### DESCRIPTION OF THE TASK
Retype all of the data that follows, line for line.
[GIVEN DATA Boundary: Start]
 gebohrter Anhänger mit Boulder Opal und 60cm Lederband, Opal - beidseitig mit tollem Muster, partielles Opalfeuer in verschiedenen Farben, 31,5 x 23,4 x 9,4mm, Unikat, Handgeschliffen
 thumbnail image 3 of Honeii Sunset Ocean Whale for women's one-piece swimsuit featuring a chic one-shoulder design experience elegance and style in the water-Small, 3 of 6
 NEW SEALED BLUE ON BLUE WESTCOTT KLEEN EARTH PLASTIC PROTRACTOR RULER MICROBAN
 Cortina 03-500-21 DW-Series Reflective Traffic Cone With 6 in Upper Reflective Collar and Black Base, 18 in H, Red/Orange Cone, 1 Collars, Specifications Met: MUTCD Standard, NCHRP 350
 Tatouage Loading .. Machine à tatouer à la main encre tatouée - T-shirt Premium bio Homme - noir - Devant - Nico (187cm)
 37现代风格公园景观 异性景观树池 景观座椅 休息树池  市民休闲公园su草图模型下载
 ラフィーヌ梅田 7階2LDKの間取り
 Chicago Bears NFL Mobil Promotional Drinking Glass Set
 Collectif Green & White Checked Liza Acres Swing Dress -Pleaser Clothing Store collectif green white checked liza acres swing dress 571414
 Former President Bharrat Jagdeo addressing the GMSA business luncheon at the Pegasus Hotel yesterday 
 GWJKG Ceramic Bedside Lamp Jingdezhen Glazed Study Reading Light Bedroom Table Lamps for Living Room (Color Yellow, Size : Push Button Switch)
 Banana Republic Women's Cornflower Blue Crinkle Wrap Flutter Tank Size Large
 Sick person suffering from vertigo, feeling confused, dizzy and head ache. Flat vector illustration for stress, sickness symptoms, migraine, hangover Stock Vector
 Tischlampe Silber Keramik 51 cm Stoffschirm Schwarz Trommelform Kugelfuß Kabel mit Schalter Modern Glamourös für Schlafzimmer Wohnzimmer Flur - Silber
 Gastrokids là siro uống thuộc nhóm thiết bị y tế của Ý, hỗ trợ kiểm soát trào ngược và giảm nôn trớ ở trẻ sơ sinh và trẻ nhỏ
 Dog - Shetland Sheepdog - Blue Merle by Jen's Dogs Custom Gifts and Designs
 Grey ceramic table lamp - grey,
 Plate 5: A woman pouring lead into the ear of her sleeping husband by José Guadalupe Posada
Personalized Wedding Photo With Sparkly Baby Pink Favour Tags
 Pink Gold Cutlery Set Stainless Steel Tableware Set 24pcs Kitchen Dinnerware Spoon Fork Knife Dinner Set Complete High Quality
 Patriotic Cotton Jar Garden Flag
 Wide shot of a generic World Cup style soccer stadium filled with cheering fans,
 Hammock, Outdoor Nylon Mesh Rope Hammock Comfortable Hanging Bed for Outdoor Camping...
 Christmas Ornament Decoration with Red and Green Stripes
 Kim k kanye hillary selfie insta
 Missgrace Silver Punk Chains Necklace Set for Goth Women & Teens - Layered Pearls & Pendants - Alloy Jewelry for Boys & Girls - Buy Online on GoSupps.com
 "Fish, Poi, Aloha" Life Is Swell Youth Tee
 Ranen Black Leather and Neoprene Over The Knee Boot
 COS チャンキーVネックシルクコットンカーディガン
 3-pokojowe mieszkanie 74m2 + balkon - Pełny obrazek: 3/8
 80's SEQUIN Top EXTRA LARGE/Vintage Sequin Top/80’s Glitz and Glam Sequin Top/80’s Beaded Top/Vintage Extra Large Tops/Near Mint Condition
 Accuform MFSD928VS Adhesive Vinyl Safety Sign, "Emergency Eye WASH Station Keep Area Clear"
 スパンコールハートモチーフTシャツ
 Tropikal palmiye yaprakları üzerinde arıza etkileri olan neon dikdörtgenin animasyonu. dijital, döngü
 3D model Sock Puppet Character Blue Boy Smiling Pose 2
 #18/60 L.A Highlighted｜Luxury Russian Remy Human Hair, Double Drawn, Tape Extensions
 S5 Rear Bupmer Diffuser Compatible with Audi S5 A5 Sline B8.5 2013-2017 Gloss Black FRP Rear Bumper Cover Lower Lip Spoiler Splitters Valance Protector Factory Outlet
[GIVEN DATA Boundary: End]
### EXERCISE ANSWER
 gebohrter Anhänger mit Boulder Opal und 60cm Lederband, Opal - beidseitig mit tollem Muster, partielles Opalfeuer in verschiedenen Farben, 31,5 x 23,4 x 9,4mm, Unikat, Handgeschliffen
 thumbnail image 3 of Honeii Sunset Ocean Whale for women's one-piece swimsuit featuring a chic one-shoulder design experience elegance and style in the water-Small, 3 of 6
 NEW SEALED BLUE ON BLUE WESTCOTT KLEEN EARTH PLASTIC PROTRACTOR RULER MICROBAN
 Cortina 03-500-21 DW-Series Reflective Traffic Cone With 6 in Upper Reflective Collar and Black Base, 18 in H, Red/Orange Cone, 1 Collars, Specifications Met: MUTCD Standard, NCHRP 350
 Tatouage Loading .. Machine à tatouer à la main encre tatouée - T-shirt Premium bio Homme - noir - Devant - Nico (187cm)
 37现代风格公园景观 异性景观树池 景观座椅 休息树池  市民休闲公园su草图模型下载
 ラフィーヌ梅田 7階2LDKの間取り
 Chicago Bears NFL Mobil Promotional Drinking Glass Set
 Collectif Green & White Checked Liza Acres Swing Dress -Pleaser Clothing Store collectif green white checked liza acres swing dress 571414
 Former President Bharrat Jagdeo addressing the GMSA business luncheon at the Pegasus Hotel yesterday 
 GWJKG Ceramic Bedside Lamp Jingdezhen Glazed Study Reading Light Bedroom Table Lamps for Living Room (Color Yellow, Size : Push Button Switch)
 Banana Republic Women's Cornflower Blue Crinkle Wrap Flutter Tank Size Large
 Sick person suffering from vertigo, feeling confused, dizzy and head ache. Flat vector illustration for stress, sickness symptoms, migraine, hangover Stock Vector
 Tischlampe Silber Keramik 51 cm Stoffschirm Schwarz Trommelform Kugelfuß Kabel mit Schalter Modern Glamourös für Schlafzimmer Wohnzimmer Flur - Silber
 Gastrokids là siro uống thuộc nhóm thiết bị y tế của Ý, hỗ trợ kiểm soát trào ngược và giảm nôn trớ ở trẻ sơ sinh và trẻ nhỏ
 Dog - Shetland Sheepdog - Blue Merle by Jen's Dogs Custom Gifts and Designs
 Grey ceramic table lamp - grey,
 Plate 5: A woman pouring lead into the ear of her sleeping husband by José Guadalupe Posada
Personalized Wedding Photo With Sparkly Baby Pink Favour Tags
 Pink Gold Cutlery Set Stainless Steel Tableware Set 24pcs Kitchen Dinnerware Spoon Fork Knife Dinner Set Complete High Quality
 Patriotic Cotton Jar Garden Flag
 Wide shot of a generic World Cup style soccer stadium filled with cheering fans,
 Hammock, Outdoor Nylon Mesh Rope Hammock Comfortable Hanging Bed for Outdoor Camping...
 Christmas Ornament Decoration with Red and Green Stripes
 Kim k kanye hillary selfie insta
 Missgrace Silver Punk Chains Necklace Set for Goth Women & Teens - Layered Pearls & Pendants - Alloy Jewelry for Boys & Girls - Buy Online on GoSupps.com
 "Fish, Poi, Aloha" Life Is Swell Youth Tee
 Ranen Black Leather and Neoprene Over The Knee Boot
 COS チャンキーVネックシルクコットンカーディガン
 3-pokojowe mieszkanie 74m2 + balkon - Pełny obrazek: 3/8
 80's SEQUIN Top EXTRA LARGE/Vintage Sequin Top/80’s Glitz and Glam Sequin Top/80’s Beaded Top/Vintage Extra Large Tops/Near Mint Condition
 Accuform MFSD928VS Adhesive Vinyl Safety Sign, "Emergency Eye WASH Station Keep Area Clear"
 スパンコールハートモチーフTシャツ
 Tropikal palmiye yaprakları üzerinde arıza etkileri olan neon dikdörtgenin animasyonu. dijital, döngü
 3D model Sock Puppet Character Blue Boy Smiling Pose 2
 #18/60 L.A Highlighted｜Luxury Russian Remy Human Hair, Double Drawn, Tape Extensions
 S5 Rear Bupmer Diffuser Compatible with Audi S5 A5 Sline B8.5 2013-2017 Gloss Black FRP Rear Bumper Cover Lower Lip Spoiler Splitters Valance Protector Factory Outlet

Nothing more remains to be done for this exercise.